Russia wants the talks to discuss its demands for security guarantees against expanding the NATO alliance eastward to include Ukraine and other former Soviet republics such as Georgia.
Russia made the demands after its military buildup raised fears of a repeat of 2014 when Moscow seized the Crimea Peninsula and a Russia-backed insurgency broke out in eastern Ukraine that has since claimed more than 13,000 lives.
Blinken said there is a “real question” of whether Russia is serious about diplomacy and de-escalation, and Germany and the United States “see Russia’s actions toward Ukraine as an immediate and urgent challenge to peace and stability in Europe."
He and Baerbock condemn the military buildup “as well as Russia’s increasingly harsh rhetoric as it continues to push the false narrative that Ukraine seeks to provoke [Russia].”
He likened that to “the fox saying it had no choice but to attack the henhouse because somehow the hens presented a threat.”

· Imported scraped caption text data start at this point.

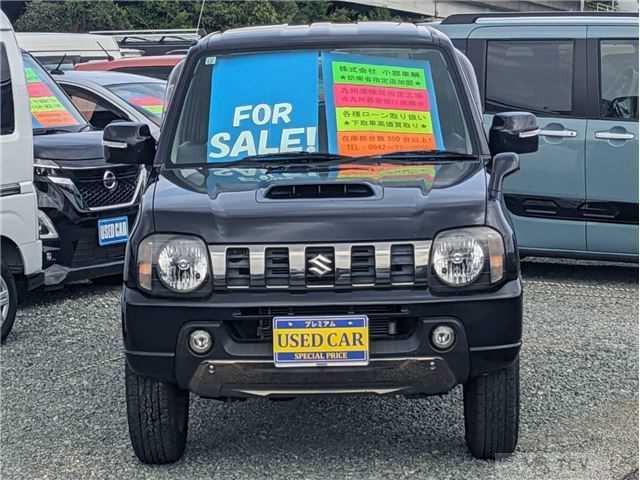 2017 Suzuki Jimny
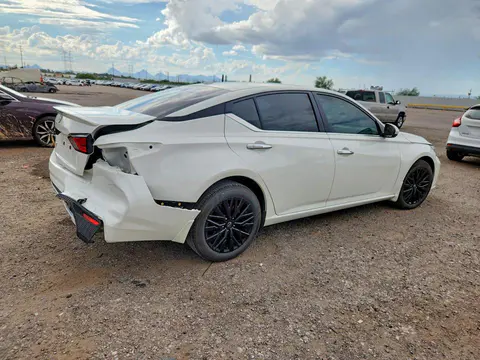 2025 Nissan Altima VIN 1N4BL4DV5SN412133 фото 3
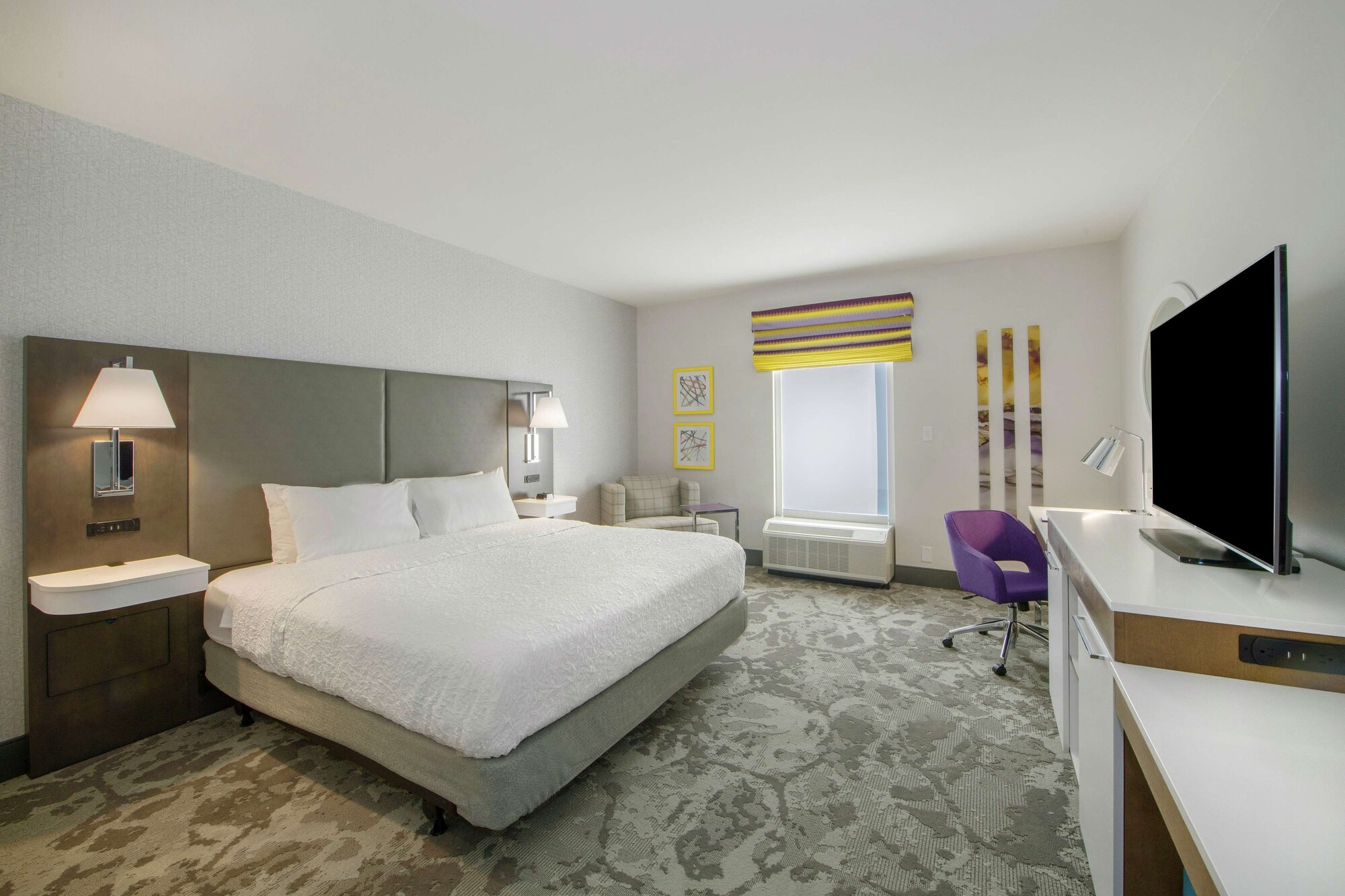 ROOM, KING BED, ACCESSIBLE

Baerbock said she and Blinken “jointly reiterated that Russian actions and activities come with a clear price tag, and a renewed violation of Ukrainian sovereignty by Russia would have severe consequences.”
Western officials have hinted at severe economic sanctions, including a near total cutoff from the international financial system, but there have been very few specifics, and Blinken again declined to discuss them.
"I’m not going to telegraph them publicly, but I can tell you with great confidence that a tremendous amount of work has been done already. There is very strong coordination and collaboration and very strong agreement on measures that would be taken in the event of renewed Russian aggression against Ukraine,” he said.
Blinken also said that the future of the controversial Nord Stream 2 gas pipeline would be affected if Russia invades Ukraine.
“From our perspective, it’s very hard to see gas flowing through that pipeline for it to become operational if Russia renews its aggression on Ukraine," he said.
The Nord Stream 2 gas pipeline is complete but has not yet begun delivering Russian gas to Germany because it has not received approval from German regulators.
Asked if Germany is ready to cancel the pipeline, Baerbock said only that the new government backed an understanding reached last year with the United States that Germany would “take effective measures together with our European partners should Russia use energy as a weapon."
As Baerbock visited Washington, EU foreign policy chief Josep Borrell was in Ukraine.
Borrell told a joint news conference with Ukrainian Foreign Minister Dmytro Kuleba that Kyiv and Brussels have a common goal to ease tensions through “diplomatic means.”
Borrell earlier paid a visit to the contact line in eastern Ukraine where Russia-backed separatists have battled Ukrainian government forces.
"The conflict on the borders is on the verge of getting deeper and tensions have been building up with respect to the European security as a whole," Borrell said.
"Any military aggression against Ukraine will have massive consequences and severe costs," Borrell said.
Kuleba said he was glad the EU foreign policy chief had a chance to visit the contact line and "feel the consequences of the conflict with his own eyes."